Two attacks were made on Franklin's Fort in 1856 during the summer. Free Staters during that time desired to rid the area of southern-oriented fortifications. The first attack was made on June 4 by about fifteen members of the Lawrence Stubbs, a free-state militia based in Lawrence. The free staters entered town after dark to search for "Old Sacramento," a cannon taken during a southern raid on Lawrence. Some defenders at the fort were aroused and what was termed the First Battle of Franklin erupted. During this battle the cannon was fired once and persons began firing at the free staters from houses in town, forcing their retreat. One Franklin man was fatally shot and a small number of persons were wounded. Some Franklin men may have been captured by the Lawrence men.

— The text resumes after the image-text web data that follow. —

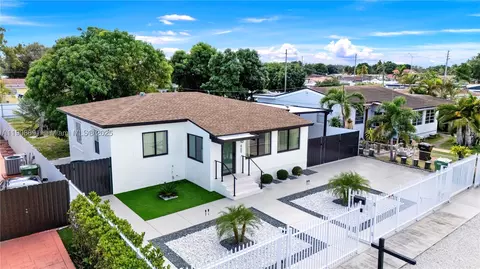 660 E 38th St, Hialeah, FL 33013 photo 3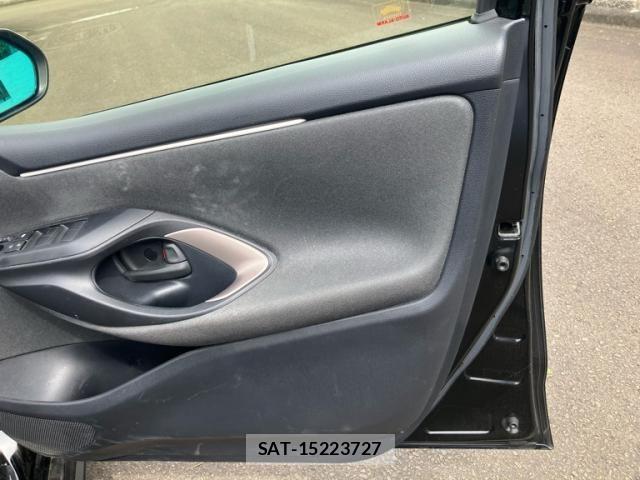 Toyota YARIS 2020-07 7459188-17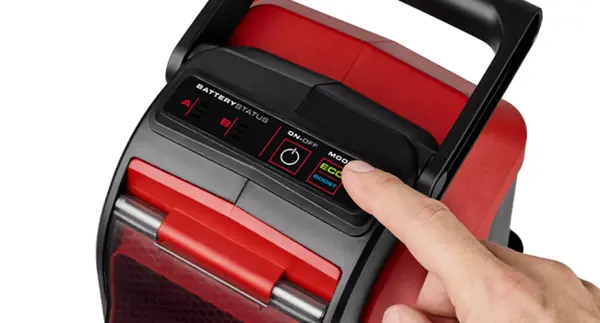 Prstem stiskněte tlačítko ECO na horní straně aku tlakového čističe Einhell HYPRESSO 36/105.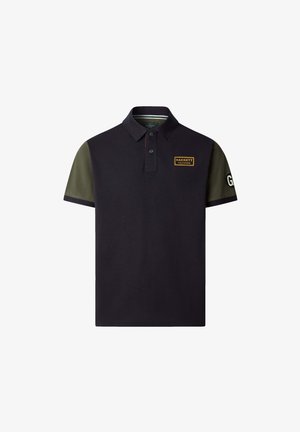 Kurzärmliges Polohemd mit einem dunkelblauen Körper und olivgrünen Ärmeln. Es verfügt über ein gelbes Logo-Patch auf der Brust und weiße Akzente an den Ärmeln.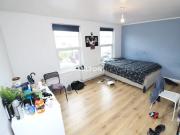 Apartment at Donnington Gardens, Reading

After this attack, Franklin's defenses were strengthened. The fort itself was made more defensible. On August 12 the Second Battle of Franklin took place. This time possibly two companies, at least 75 men, left Lawrence after dark to attack the town and fort. They were led by free-state leader James H. Lane. Apparently only about 20 men were defending Franklin. For several hours the opposing forces fired upon each other in the dark. Not much damage was done to either side at this point, but several free staters were wounded, as was one fort defender. One free stater was killed.

At some point a man was sent to travel to a company of U.S. cavalry camped approximately 5 mi away and seek help. The cavalry could not reach Franklin until just before dawn. In the meantime things went badly for the fort's defenders, who had fought determinedly. The Lawrence attackers finally made progress when they set a wagon loaded with hay alight and moved it to the front door of the fort. The heat and light scared the defenders of the fort, who fled into the night. The free-staters then ransacked the fort, making away with weapons (including the "Old Sacramento Cannon"), food, and prisoners. After the battle, the fort was left, but this ended its use as a town defense, and it was converted into a residence soon after.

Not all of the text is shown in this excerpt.